Items from a dataset:
'''
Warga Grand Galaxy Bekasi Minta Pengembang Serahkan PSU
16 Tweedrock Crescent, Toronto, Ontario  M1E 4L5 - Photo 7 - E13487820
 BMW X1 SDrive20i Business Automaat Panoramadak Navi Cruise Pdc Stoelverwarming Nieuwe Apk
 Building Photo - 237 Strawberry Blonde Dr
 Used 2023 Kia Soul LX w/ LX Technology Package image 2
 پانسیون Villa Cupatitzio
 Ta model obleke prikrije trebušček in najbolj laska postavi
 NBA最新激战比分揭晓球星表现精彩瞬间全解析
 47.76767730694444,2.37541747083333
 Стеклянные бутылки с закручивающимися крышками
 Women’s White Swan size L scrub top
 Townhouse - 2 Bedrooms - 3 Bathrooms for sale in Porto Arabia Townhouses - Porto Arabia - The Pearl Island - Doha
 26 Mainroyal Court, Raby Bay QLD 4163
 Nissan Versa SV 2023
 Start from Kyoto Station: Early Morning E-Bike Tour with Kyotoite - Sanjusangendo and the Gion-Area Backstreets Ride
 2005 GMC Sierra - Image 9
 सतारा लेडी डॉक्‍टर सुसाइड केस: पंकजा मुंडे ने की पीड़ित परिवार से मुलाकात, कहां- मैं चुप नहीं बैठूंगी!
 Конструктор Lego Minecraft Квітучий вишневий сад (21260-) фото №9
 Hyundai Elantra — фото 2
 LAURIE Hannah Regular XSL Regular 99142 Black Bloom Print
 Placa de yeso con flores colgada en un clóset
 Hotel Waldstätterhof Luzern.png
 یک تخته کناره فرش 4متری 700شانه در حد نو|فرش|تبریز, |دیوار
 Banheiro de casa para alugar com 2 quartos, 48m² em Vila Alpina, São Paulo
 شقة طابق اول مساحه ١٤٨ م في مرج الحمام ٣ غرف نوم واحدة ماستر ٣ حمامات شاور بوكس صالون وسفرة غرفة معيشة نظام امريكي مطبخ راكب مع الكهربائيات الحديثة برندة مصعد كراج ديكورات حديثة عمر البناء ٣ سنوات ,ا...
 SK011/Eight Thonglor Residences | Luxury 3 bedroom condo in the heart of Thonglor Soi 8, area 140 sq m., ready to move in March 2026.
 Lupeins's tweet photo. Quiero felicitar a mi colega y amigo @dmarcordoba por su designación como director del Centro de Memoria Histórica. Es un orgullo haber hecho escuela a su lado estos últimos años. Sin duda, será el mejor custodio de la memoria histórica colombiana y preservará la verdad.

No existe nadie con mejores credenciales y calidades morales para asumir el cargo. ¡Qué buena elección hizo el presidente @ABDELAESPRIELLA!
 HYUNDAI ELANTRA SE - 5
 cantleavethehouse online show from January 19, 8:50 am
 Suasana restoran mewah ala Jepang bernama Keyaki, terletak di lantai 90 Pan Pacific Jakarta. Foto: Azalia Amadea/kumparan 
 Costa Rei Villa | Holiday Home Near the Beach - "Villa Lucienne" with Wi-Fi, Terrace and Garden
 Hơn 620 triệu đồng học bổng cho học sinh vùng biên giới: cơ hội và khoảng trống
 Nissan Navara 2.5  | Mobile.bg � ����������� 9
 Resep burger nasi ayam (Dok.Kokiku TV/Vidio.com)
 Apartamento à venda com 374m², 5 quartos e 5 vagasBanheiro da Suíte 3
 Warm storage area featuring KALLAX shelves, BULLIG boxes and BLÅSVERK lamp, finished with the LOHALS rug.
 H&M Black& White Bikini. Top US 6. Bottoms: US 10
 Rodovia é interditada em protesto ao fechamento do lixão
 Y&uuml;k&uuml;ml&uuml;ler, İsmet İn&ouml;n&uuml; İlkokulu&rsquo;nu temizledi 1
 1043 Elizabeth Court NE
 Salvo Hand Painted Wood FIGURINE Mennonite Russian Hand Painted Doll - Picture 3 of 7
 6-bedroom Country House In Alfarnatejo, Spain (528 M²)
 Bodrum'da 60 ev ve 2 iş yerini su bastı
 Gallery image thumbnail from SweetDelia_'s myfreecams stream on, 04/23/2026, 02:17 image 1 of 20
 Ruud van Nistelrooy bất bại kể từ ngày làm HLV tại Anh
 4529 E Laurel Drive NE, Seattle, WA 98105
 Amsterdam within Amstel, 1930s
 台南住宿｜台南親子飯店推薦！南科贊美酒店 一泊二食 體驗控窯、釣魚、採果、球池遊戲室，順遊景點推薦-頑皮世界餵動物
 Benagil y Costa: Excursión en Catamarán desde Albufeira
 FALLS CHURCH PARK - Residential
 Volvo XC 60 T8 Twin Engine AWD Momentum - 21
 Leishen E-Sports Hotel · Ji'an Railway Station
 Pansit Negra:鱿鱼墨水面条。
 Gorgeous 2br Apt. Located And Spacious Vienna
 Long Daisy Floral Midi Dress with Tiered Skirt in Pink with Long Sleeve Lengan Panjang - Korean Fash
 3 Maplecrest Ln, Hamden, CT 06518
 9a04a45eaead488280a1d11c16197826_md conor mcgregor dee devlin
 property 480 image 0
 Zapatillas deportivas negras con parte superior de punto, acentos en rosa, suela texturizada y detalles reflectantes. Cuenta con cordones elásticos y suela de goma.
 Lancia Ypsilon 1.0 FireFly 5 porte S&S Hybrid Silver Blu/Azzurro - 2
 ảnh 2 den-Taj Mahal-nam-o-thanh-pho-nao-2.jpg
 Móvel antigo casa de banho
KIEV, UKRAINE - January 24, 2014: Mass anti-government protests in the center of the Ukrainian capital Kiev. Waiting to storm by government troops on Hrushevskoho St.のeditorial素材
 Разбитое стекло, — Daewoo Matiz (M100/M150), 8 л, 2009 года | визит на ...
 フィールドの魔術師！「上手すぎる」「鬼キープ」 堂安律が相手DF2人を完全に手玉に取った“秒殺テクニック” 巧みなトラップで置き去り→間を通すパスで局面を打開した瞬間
'''
* _Task item_
All of the lines above that carry the string "January" need to be found and copied.

* _Answer box_
 cantleavethehouse online show from January 19, 8:50 am
KIEV, UKRAINE - January 24, 2014: Mass anti-government protests in the center of the Ukrainian capital Kiev. Waiting to storm by government troops on Hrushevskoho St.のeditorial素材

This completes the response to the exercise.